> [Excerpted records]:
============
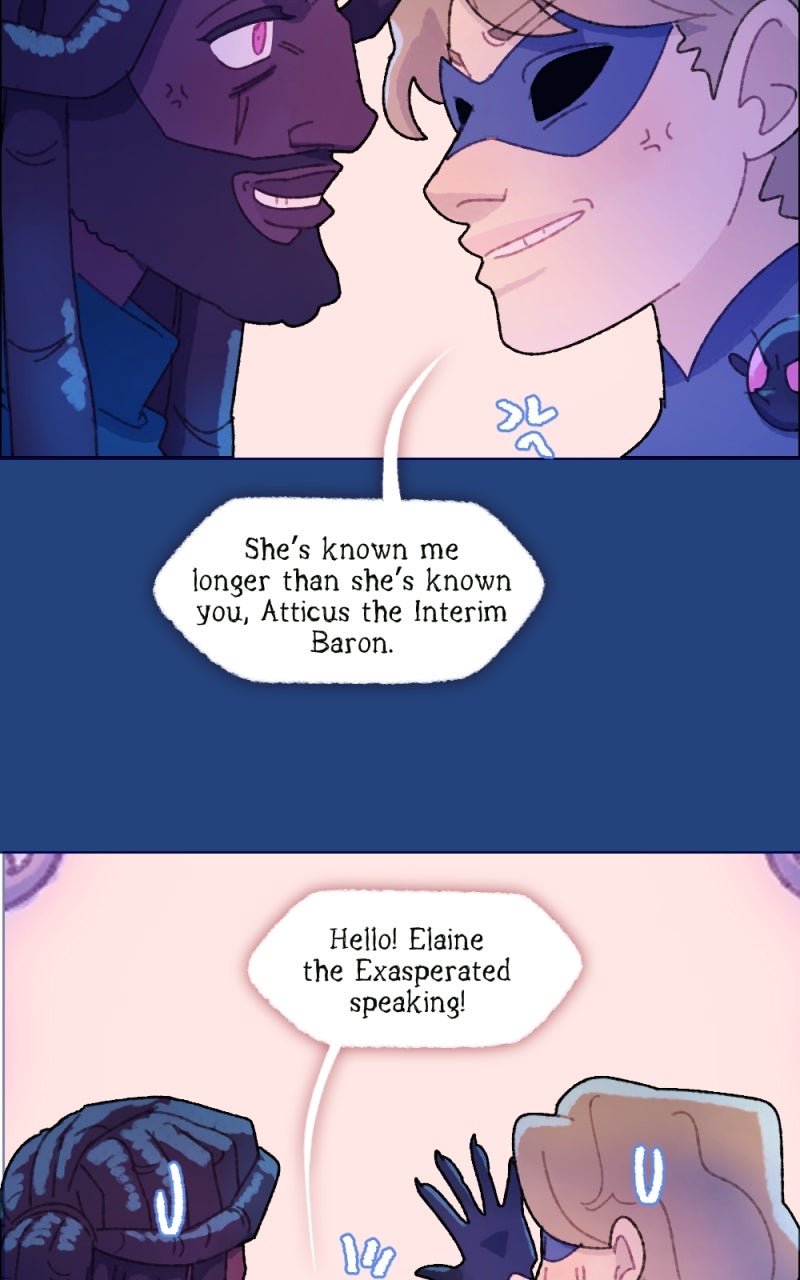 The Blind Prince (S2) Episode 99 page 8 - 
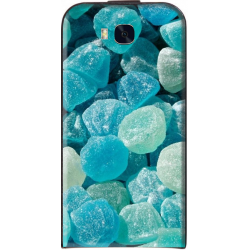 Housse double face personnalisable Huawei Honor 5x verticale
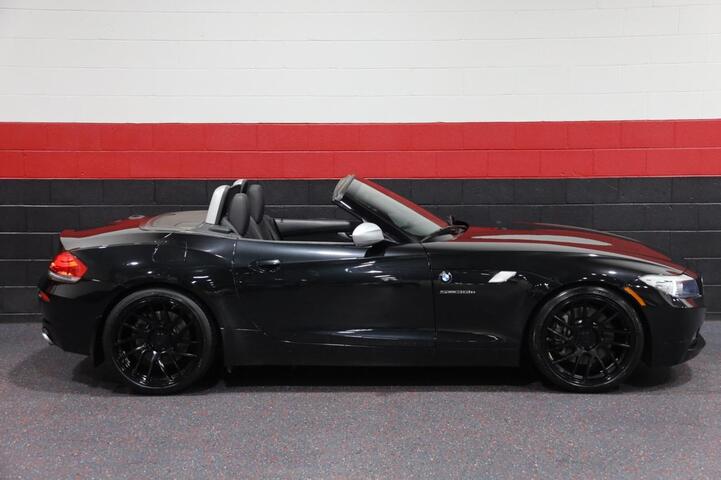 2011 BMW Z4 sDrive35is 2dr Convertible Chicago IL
============
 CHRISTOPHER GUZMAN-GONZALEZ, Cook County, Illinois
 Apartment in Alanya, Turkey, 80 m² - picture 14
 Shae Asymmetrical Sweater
============
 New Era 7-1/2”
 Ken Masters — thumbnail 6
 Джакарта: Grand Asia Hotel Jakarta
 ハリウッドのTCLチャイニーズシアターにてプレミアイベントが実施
============
> [Work item]: In the entries above, find the line with "The Blind Prince" and the line with "2011 BMW Z4". Return exactly those lines and all the ones between them, pictures excluded.

> [Solution to the exercise]:
 The Blind Prince (S2) Episode 99 page 8 - 
 Housse double face personnalisable Huawei Honor 5x verticale
 2011 BMW Z4 sDrive35is 2dr Convertible Chicago IL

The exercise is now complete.